The European Parliament and environmental groups had called for this accidental contamination threshold to be set at 0.1% - the lowest level at which genetically modified organisms can be technically detected – saying that any threshold higher than this would make it too difficult for organic farmers to keep their crops free from "genetic pollution".
"The lax attitude towards contamination taken by the European Commission and some member states disregards the preferences of European consumers and may put the whole organic sector at risk. In practice, low levels of genetically modified material could start slipping into all organic food," said Marco Contiero, policy officer at Greenpeace's EU Unit.
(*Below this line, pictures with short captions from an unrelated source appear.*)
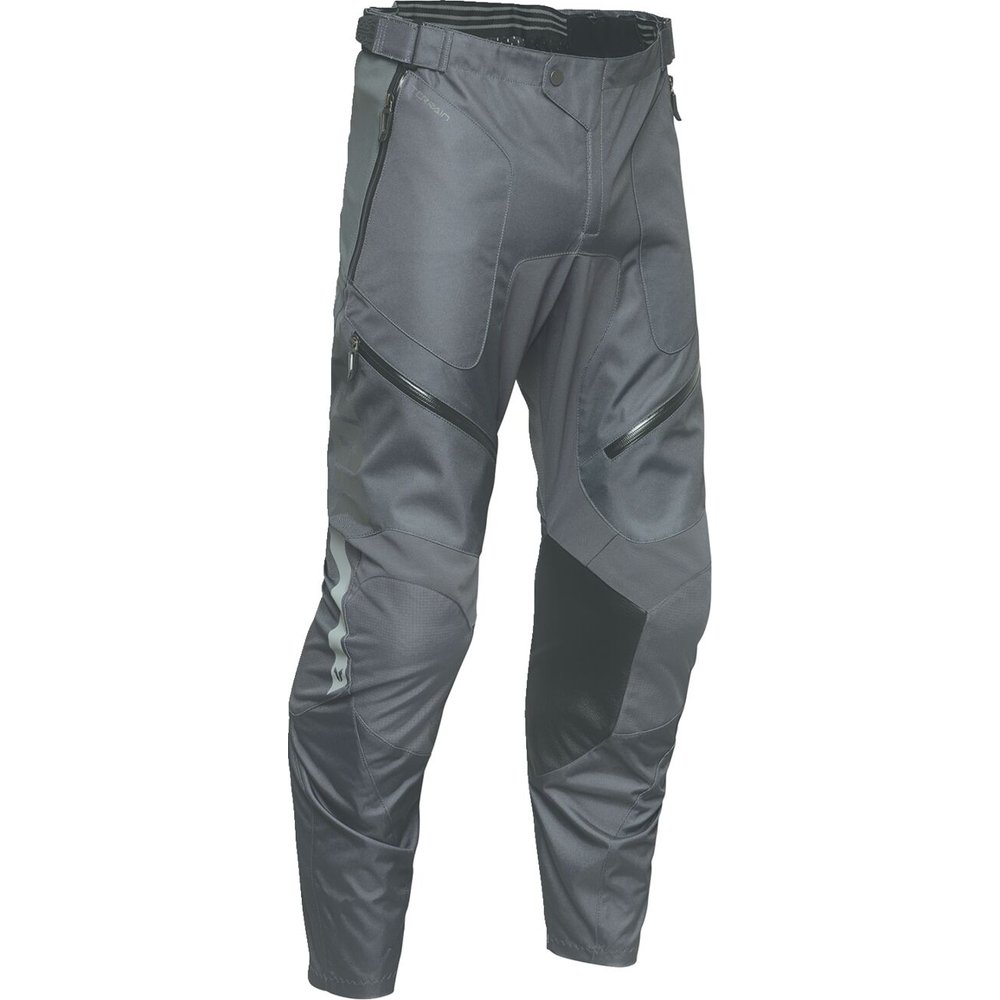 THOR Terrain Enduro Hose Itb grau
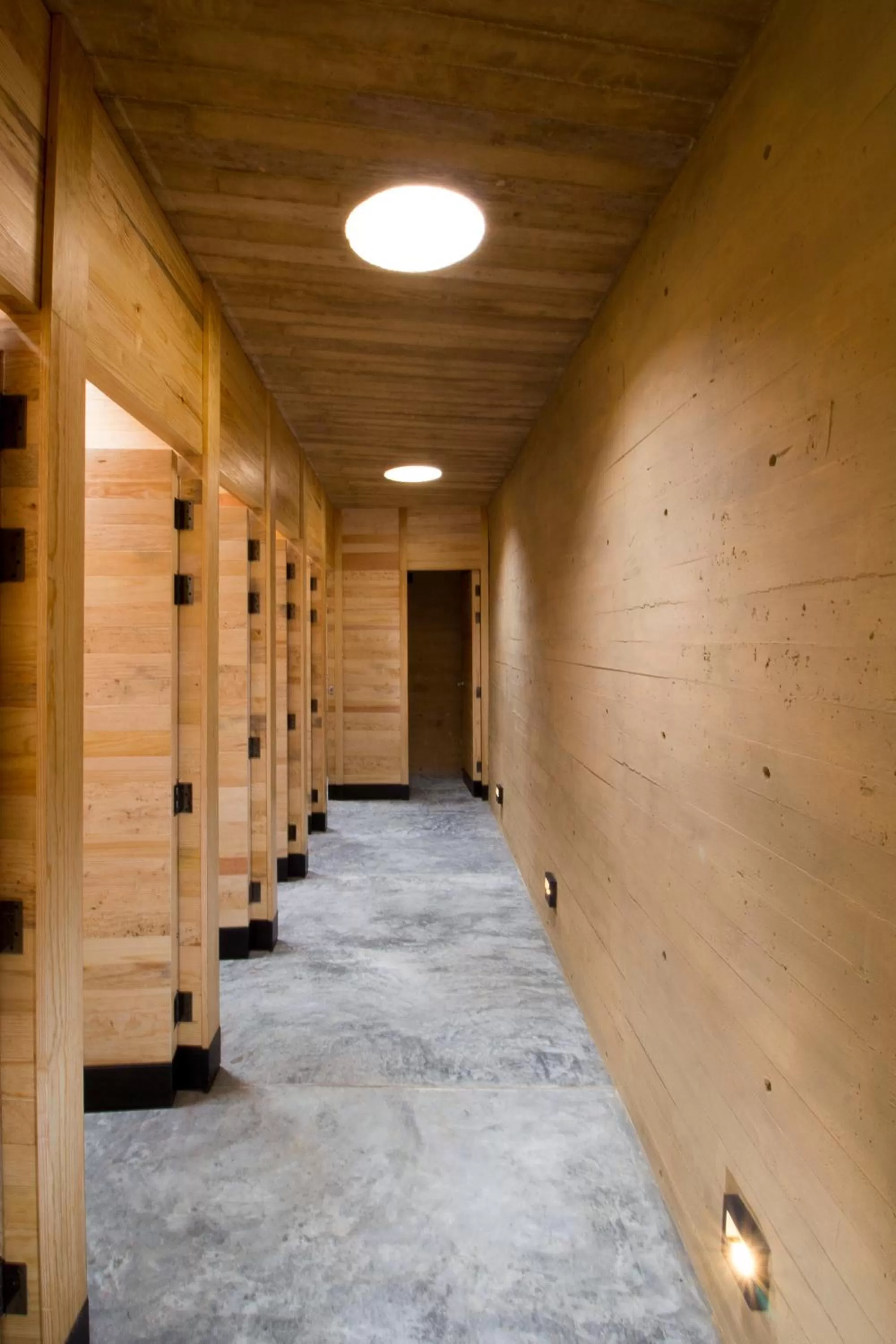 Public Bath in Uvence Arte + Hotel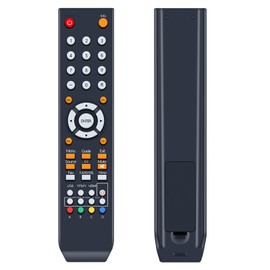 New Universal 8142026670003C Replacement Remote Control for Sceptre LED TV U435CV-UMR C650CV-UMR C658CV-UMR U500CV-UMR E168BV-SS U505CV-UMR U515CV-UMKR X435BV-FSR U550CV-UM08R X505BV-FSR C550CV-UMR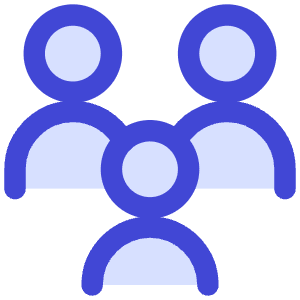 No Poverty Icon from Core Duo - Free Set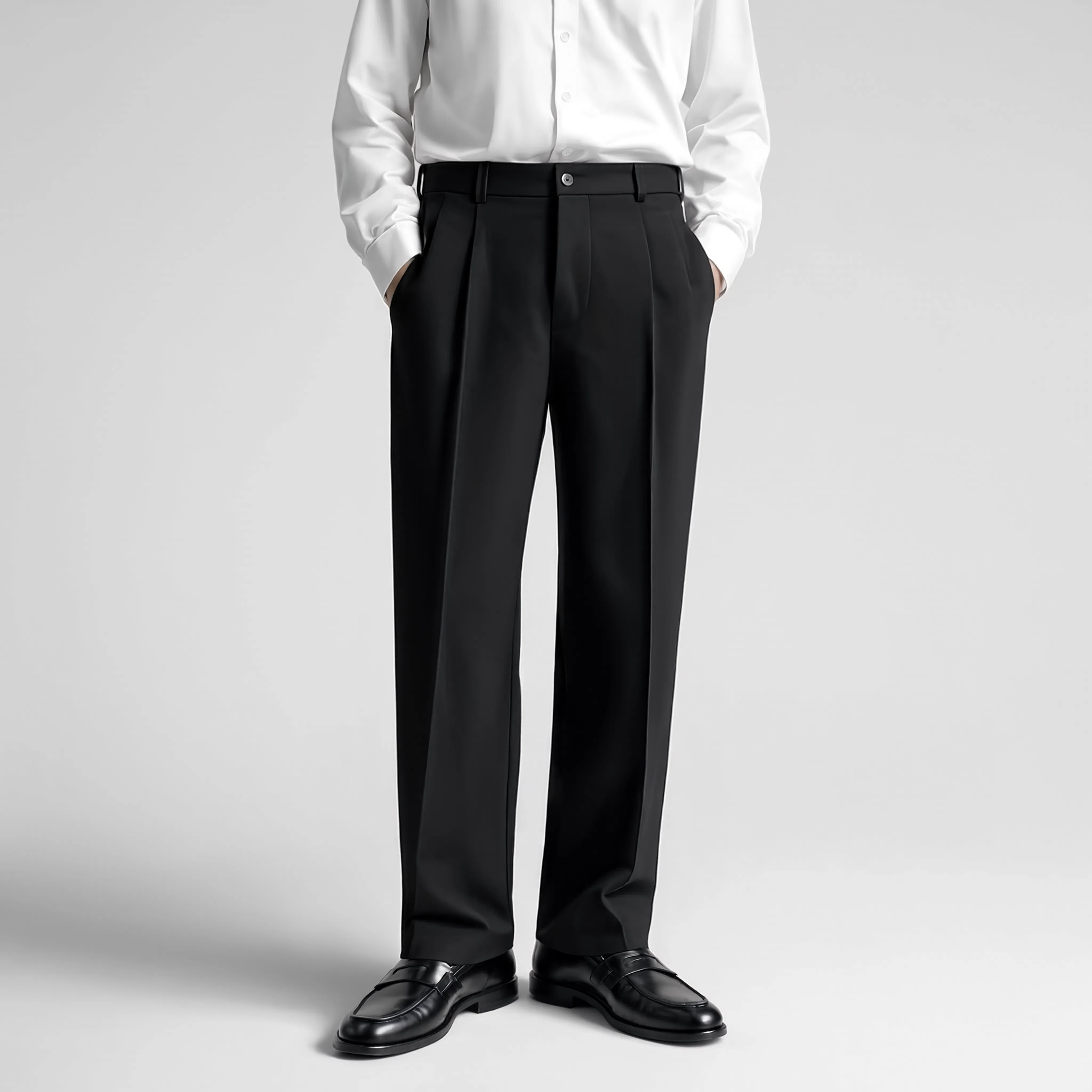 Roma Tailored Trousers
However, Agriculture Commissioner Mariann Fischer Boel said that the new regulation would "help consumers to recognise organic products throughout the EU more easily and give them assurances of precisely what they are buying".
The use of the new EU logo will be compulsory as of 1 January 2009, but national or private logos, often reflecting more stringent standards desired by some member states, will also be authorised.
Green NGOs stress that the new standards do not lessen the necessity for stringent anti-contamination measures. Mauro Albrizio from the European Environmental Bureau said: "If the EU is committed to preserving and supporting the organic farming sector, then strict co-existence measures are a necessity, protecting conventional and organic farming from genetic contamination, with stiff penalties for GMO farmers and biotech companies if contamination does occur."
In 2008, the Commission will review national 'co-existence' rules aimed at containing commercially-grown GM crops, and further assess the need for an EU-wide law.